About this task: As the lines appear below, please set them down exactly, starting at the first and finishing with the one containing "6101 Myrtlewood Cir W — Photo 12".

(Caption-style text data)

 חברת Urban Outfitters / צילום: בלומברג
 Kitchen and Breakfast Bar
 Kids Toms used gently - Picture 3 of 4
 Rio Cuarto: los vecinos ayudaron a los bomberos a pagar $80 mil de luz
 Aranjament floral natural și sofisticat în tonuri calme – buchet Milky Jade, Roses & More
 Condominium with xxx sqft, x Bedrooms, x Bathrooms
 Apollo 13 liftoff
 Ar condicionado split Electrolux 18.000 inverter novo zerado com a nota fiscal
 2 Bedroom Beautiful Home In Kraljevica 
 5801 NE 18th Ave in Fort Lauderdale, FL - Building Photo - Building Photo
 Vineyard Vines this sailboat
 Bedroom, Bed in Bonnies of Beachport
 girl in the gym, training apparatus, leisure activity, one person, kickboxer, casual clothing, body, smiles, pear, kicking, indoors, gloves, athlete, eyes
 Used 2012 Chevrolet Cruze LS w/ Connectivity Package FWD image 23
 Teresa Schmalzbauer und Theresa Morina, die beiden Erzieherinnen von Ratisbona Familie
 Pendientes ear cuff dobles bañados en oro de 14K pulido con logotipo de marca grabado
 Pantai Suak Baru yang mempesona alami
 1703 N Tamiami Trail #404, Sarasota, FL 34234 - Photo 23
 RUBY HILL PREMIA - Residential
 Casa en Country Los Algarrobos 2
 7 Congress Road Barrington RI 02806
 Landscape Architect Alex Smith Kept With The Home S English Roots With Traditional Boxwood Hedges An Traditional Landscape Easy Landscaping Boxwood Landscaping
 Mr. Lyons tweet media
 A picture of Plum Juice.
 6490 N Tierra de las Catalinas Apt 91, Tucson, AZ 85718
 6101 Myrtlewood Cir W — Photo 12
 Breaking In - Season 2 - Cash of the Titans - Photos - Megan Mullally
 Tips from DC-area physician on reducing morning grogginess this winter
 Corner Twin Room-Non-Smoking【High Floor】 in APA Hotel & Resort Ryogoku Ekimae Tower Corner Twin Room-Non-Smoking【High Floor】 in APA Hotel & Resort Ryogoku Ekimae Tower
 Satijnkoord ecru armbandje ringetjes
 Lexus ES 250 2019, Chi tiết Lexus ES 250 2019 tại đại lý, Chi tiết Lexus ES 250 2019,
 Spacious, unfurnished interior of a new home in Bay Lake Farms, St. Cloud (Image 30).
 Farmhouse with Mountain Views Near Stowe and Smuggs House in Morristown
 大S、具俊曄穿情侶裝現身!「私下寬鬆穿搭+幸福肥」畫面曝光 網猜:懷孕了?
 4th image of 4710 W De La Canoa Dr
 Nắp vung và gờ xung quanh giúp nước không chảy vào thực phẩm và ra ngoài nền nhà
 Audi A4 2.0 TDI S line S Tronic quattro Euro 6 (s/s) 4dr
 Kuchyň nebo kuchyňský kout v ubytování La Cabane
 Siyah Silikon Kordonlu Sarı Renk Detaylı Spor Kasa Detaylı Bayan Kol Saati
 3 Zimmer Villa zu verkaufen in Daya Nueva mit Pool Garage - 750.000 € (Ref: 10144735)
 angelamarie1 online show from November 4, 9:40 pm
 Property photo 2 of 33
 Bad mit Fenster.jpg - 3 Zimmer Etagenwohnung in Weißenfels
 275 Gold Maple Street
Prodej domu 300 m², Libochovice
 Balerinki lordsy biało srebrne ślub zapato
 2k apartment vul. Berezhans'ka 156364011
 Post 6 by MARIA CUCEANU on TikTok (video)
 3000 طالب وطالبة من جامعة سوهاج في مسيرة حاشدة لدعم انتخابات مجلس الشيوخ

Solution for this problem:
 חברת Urban Outfitters / צילום: בלומברג
 Kitchen and Breakfast Bar
 Kids Toms used gently - Picture 3 of 4
 Rio Cuarto: los vecinos ayudaron a los bomberos a pagar $80 mil de luz
 Aranjament floral natural și sofisticat în tonuri calme – buchet Milky Jade, Roses & More
 Condominium with xxx sqft, x Bedrooms, x Bathrooms
 Apollo 13 liftoff
 Ar condicionado split Electrolux 18.000 inverter novo zerado com a nota fiscal
 2 Bedroom Beautiful Home In Kraljevica 
 5801 NE 18th Ave in Fort Lauderdale, FL - Building Photo - Building Photo
 Vineyard Vines this sailboat
 Bedroom, Bed in Bonnies of Beachport
 girl in the gym, training apparatus, leisure activity, one person, kickboxer, casual clothing, body, smiles, pear, kicking, indoors, gloves, athlete, eyes
 Used 2012 Chevrolet Cruze LS w/ Connectivity Package FWD image 23
 Teresa Schmalzbauer und Theresa Morina, die beiden Erzieherinnen von Ratisbona Familie
 Pendientes ear cuff dobles bañados en oro de 14K pulido con logotipo de marca grabado
 Pantai Suak Baru yang mempesona alami
 1703 N Tamiami Trail #404, Sarasota, FL 34234 - Photo 23
 RUBY HILL PREMIA - Residential
 Casa en Country Los Algarrobos 2
 7 Congress Road Barrington RI 02806
 Landscape Architect Alex Smith Kept With The Home S English Roots With Traditional Boxwood Hedges An Traditional Landscape Easy Landscaping Boxwood Landscaping
 Mr. Lyons tweet media
 A picture of Plum Juice.
 6490 N Tierra de las Catalinas Apt 91, Tucson, AZ 85718
 6101 Myrtlewood Cir W — Photo 12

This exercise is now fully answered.